START Supplied information

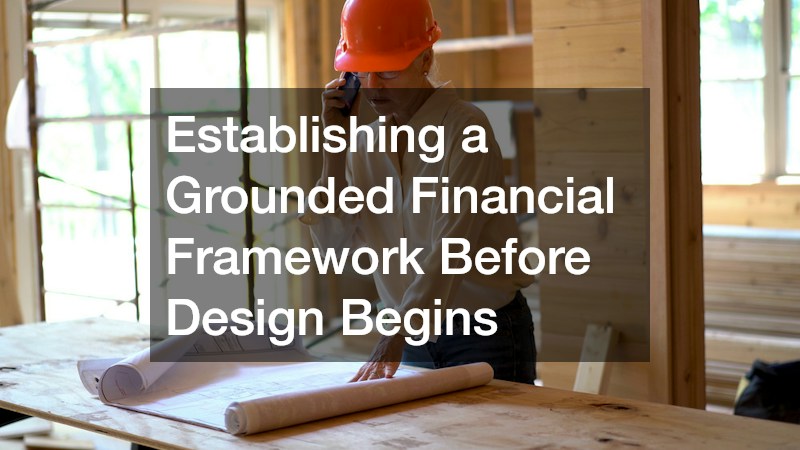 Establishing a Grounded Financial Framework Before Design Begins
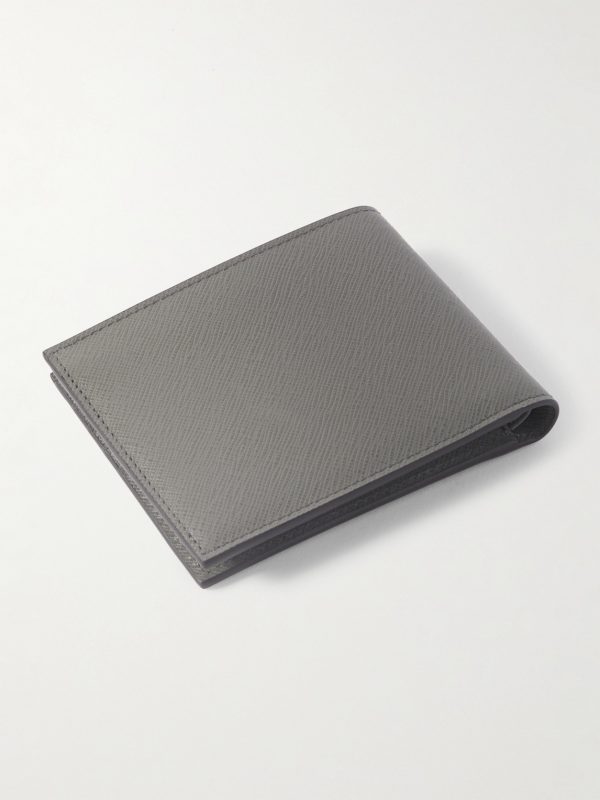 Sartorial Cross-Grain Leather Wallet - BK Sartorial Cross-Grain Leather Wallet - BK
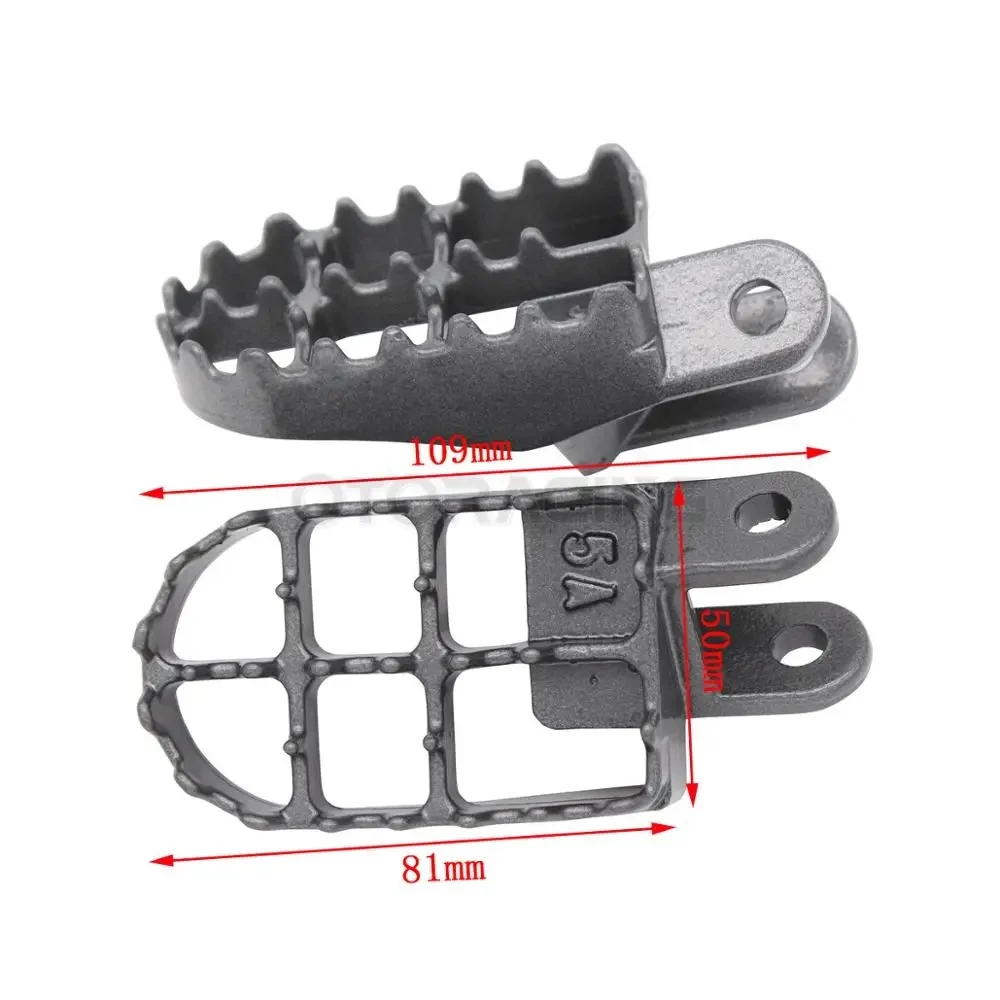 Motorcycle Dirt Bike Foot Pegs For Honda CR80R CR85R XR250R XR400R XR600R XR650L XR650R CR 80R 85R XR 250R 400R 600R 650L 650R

END Supplied information

▸ **Problem to solve**
Transcribe all the material exactly; skip every image.

▸ **Expected answer**
 Establishing a Grounded Financial Framework Before Design Begins
 Sartorial Cross-Grain Leather Wallet - BK Sartorial Cross-Grain Leather Wallet - BK
 Motorcycle Dirt Bike Foot Pegs For Honda CR80R CR85R XR250R XR400R XR600R XR650L XR650R CR 80R 85R XR 250R 400R 600R 650L 650R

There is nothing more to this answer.